发布时间:2015-10-16 09:31


  论文摘要:《中华人民共和国刑法修正案(七)》增设了利用影响力受贿罪,其主体是现任国家工作人员或离职国家工作人员的近亲属或关系密切人,司法实践中对该罪主体的认定存在不统一的尴尬局面,犯罪主体的认定成为该罪正确认定的前提条件,因此,在司法实践中对本罪主体的界定具有重要的意义。
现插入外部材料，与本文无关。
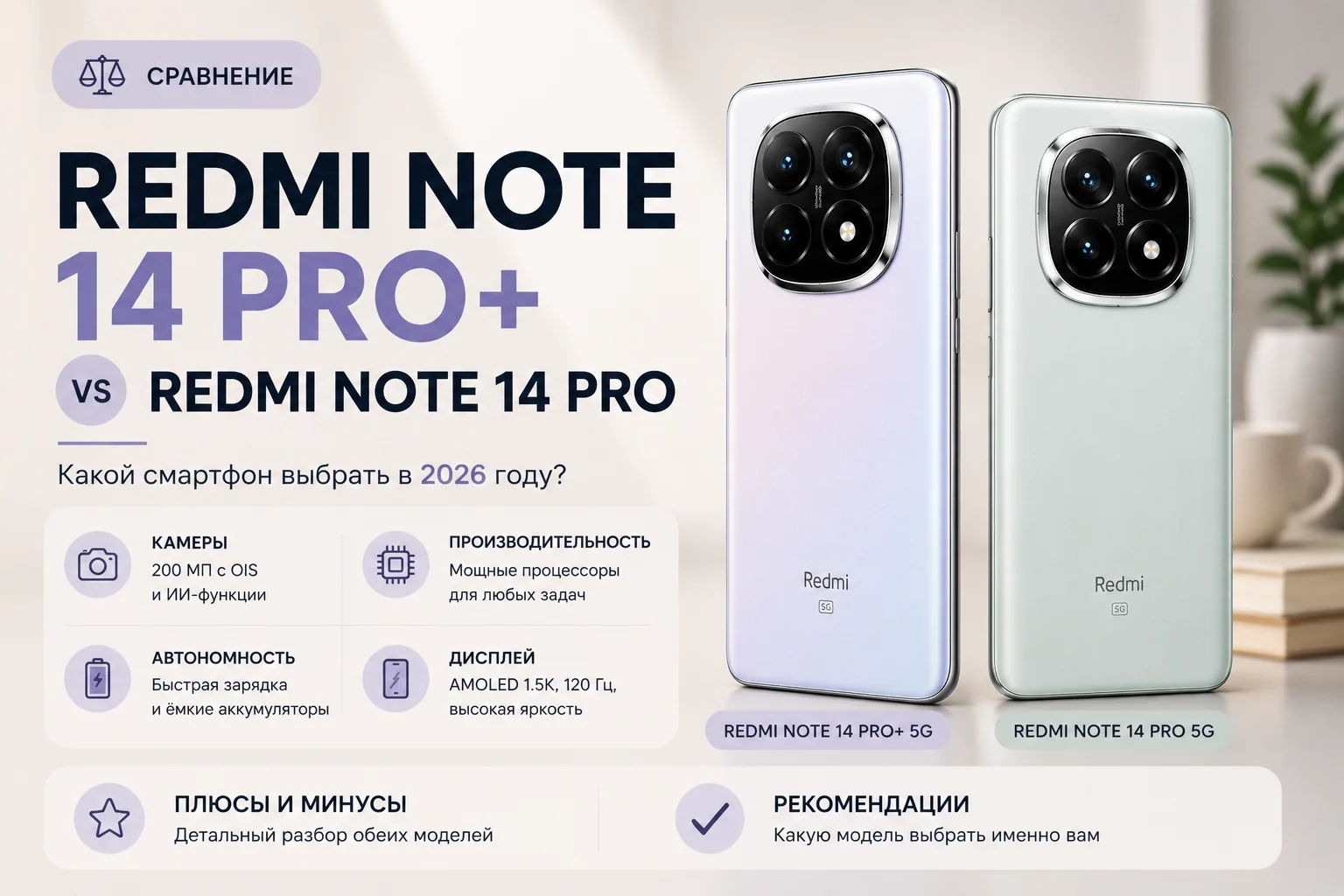 Redmi Note 14 против Note 14 Pro Plus 5G: в чём разница и кому что выбрать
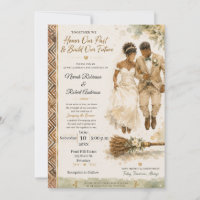 African American Jumping the Broom Watercolor 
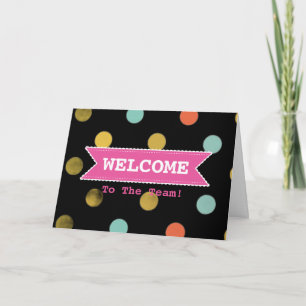 Carte Ruban rose avec des points colorés à bordure blanc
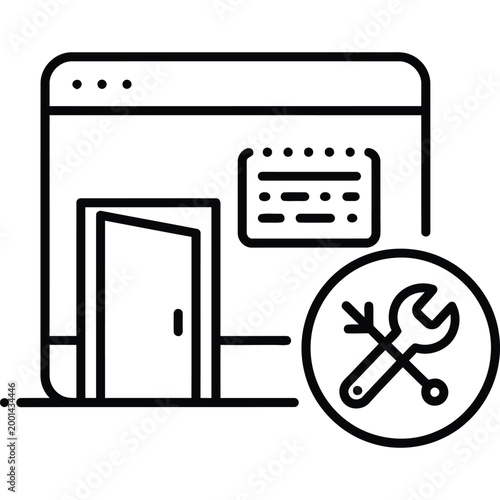Web Store Maintenance and Repair icon for e-commerce website service and technical support illustration
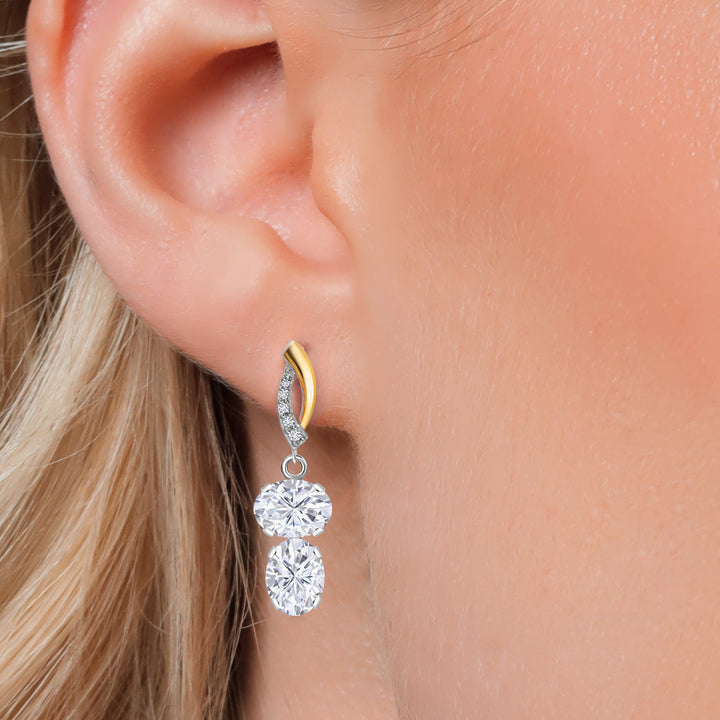 Earrings in 925 Sterling Silver and 10K Yellow Gold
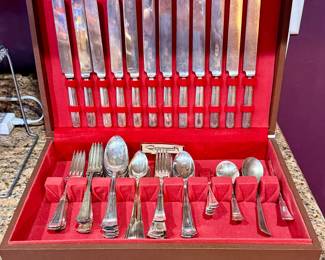 Nice and complete Set of 1883 Rogers Community Silver-Plated silverware with wood box.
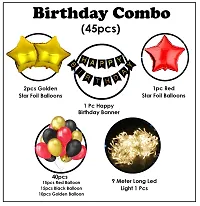 Happy Birthday Decoration, Kit Combo With Fairy Led Lights 45pcs Set Happy Birthday Bunting, Balloon, Star Foil, For Boys, Girls, Kids, Wife, Girl Friend, Woman-thumb1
  论文关键词:利用影响力受贿罪 关系密切人 国家工作人员

  利用影响力受贿罪是《中华人民共和国刑法修正案(七)》(下称《刑法修正案(七)》)在《刑法》第388条的基础上新增的一条。作为第388条之一,该条规定:国家工作人员的近亲属或者其他与该国家工作人员关系密切的人,通过该国家工作人员职务上的行为,或者利用该国家工作人员职权或者地位形成的便利条件,通过其他国家工作人员职务上的行为,为请托人谋取不正当利益,索取请托人财物或者收受请托人财物,数额较大或者有其他较重情节的,处三年以下有期徒刑或者拘役,并处罚金;数额巨大或者有其他严重情节的,处三年以上七年以下有期徒刑,并处罚金;数额特别巨大或者有其他特别严重情节的,处七年以上有期徒刑,并处罚金或者没收财产。离职的国家工作人员或者近亲属以及其他与其关系密切的人,利用该离职的国家工作人员原职权或者地位形成的便利条件实施前款行为的,依照前款的规定定罪处罚。
  本罪的设立不仅加大了对腐败行为的打击力度和范围,同时也是对我国现行刑法的一种完善。但本罪在司法实践中仍有一些标准难以统一,笔者试图分析本罪在司法实践中遇到的一些难题,以期为今后的司法实践和本罪的进一步的研究提出一些不成熟的建议。

  一、本罪犯罪化的价值

  随着我国民主化进程的推进,民众对政府的服务意识和水平有着前所未有的期盼,新形势下一系列的贪污腐败问题在舆论媒体的监督下日益放大,这使政府的公信力也受到前所未有的挑战,如何打造一个民主的,廉洁的,法治的政府?如何杜绝腐败,使权力在阳光下运行?这都是一个社会是否能够和谐的前提因素。从近年查处的一些腐败案件中逐渐凸显这样一种势头,国家干部本身并没有直接收受贿赂,而是其近亲属以及与其关系较好的群体利用国家干部的地位及辐射能力而接受请托人的贿赂而为请托人谋取非法利益,这影响了社会的公平,滋生了了一种新型的腐败。刑法对受贿罪主体的界定并不包括国家工作人员的近亲属以及密切关系人,更不包含离职国家工作人员的近亲属和关系密切人,当公职人员的近亲属即关系密切人利用公职人员的身份为他人请托而收受贿赂时,如果仅仅对这部分人按受贿罪的共同犯罪来定罪量刑,其势必缩小了打击的范围,不利于遏制违法行为的势头,从而放纵了一些犯罪分子,所以利用影响力受贿罪是对我国现行刑法的一种补阙,能够有效的打击新型的受贿类型的犯罪,同时也是符合了《联合国反腐公约》对此种类型犯罪行为的惩治。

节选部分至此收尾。